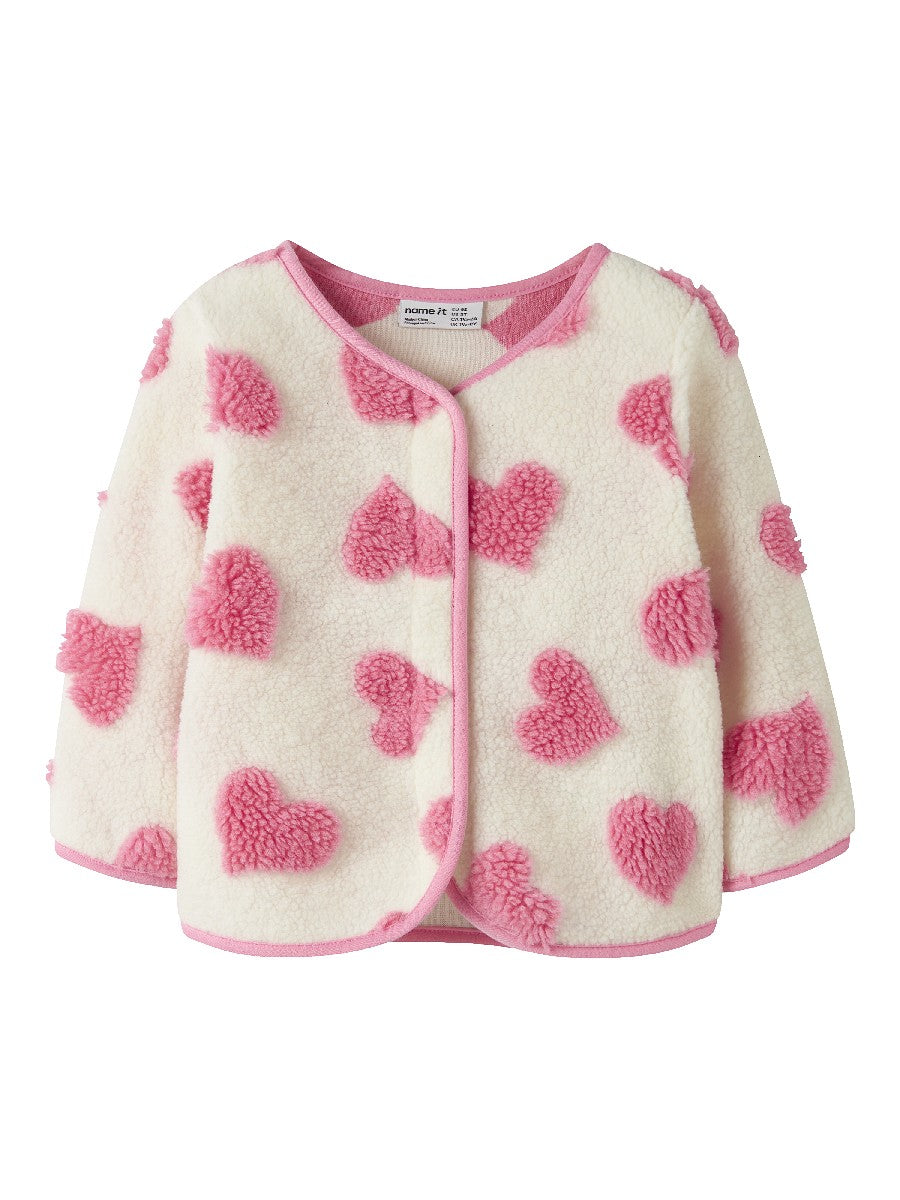 Name it Fleecejacke Mädchen Jacke Creme Pink rosa Herzen Druckknöpfe 92 - 116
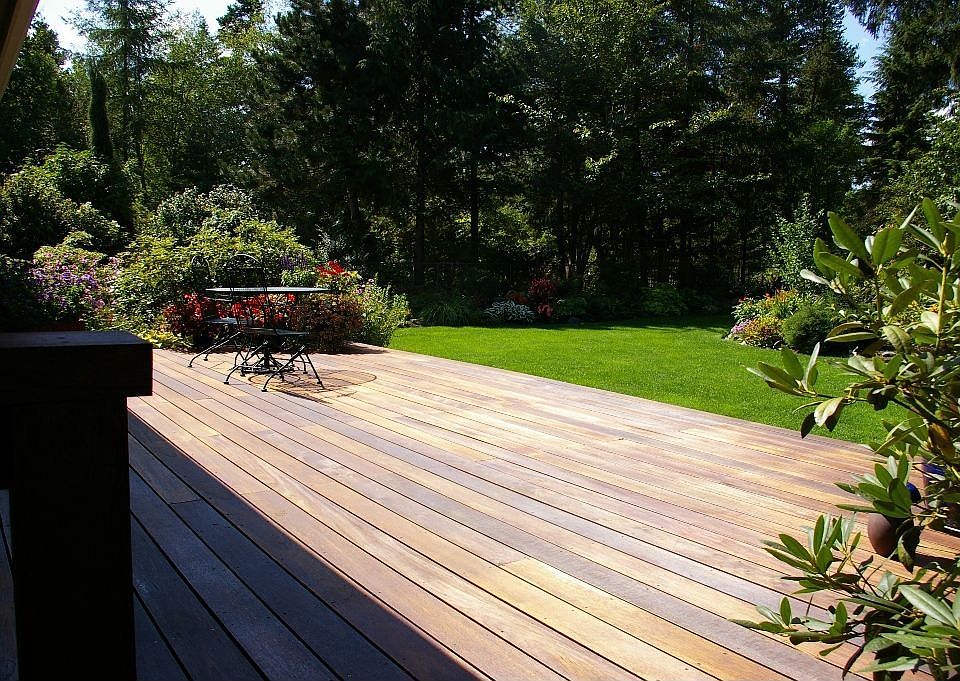 Gorgeous deck is large enough to entertain lots of guests.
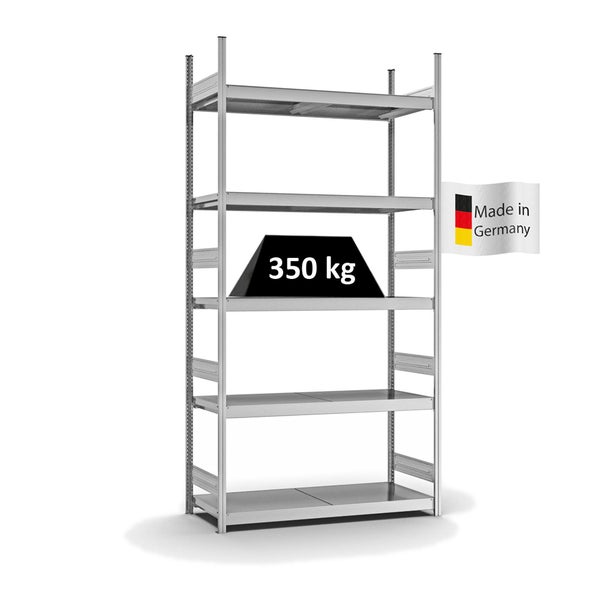 PROREGAL Weitspannregal Stecksystem T-Profil Grundregal HxBxT 300x150x50 cm 5 Ebenen Stahlplatten Fachboden Fachlast 350 kg Verzinkt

Assignment
Omit the pictures, and quote the material above exactly as given.

Solution for this task
 Name it Fleecejacke Mädchen Jacke Creme Pink rosa Herzen Druckknöpfe 92 - 116
 Gorgeous deck is large enough to entertain lots of guests.
 PROREGAL Weitspannregal Stecksystem T-Profil Grundregal HxBxT 300x150x50 cm 5 Ebenen Stahlplatten Fachboden Fachlast 350 kg Verzinkt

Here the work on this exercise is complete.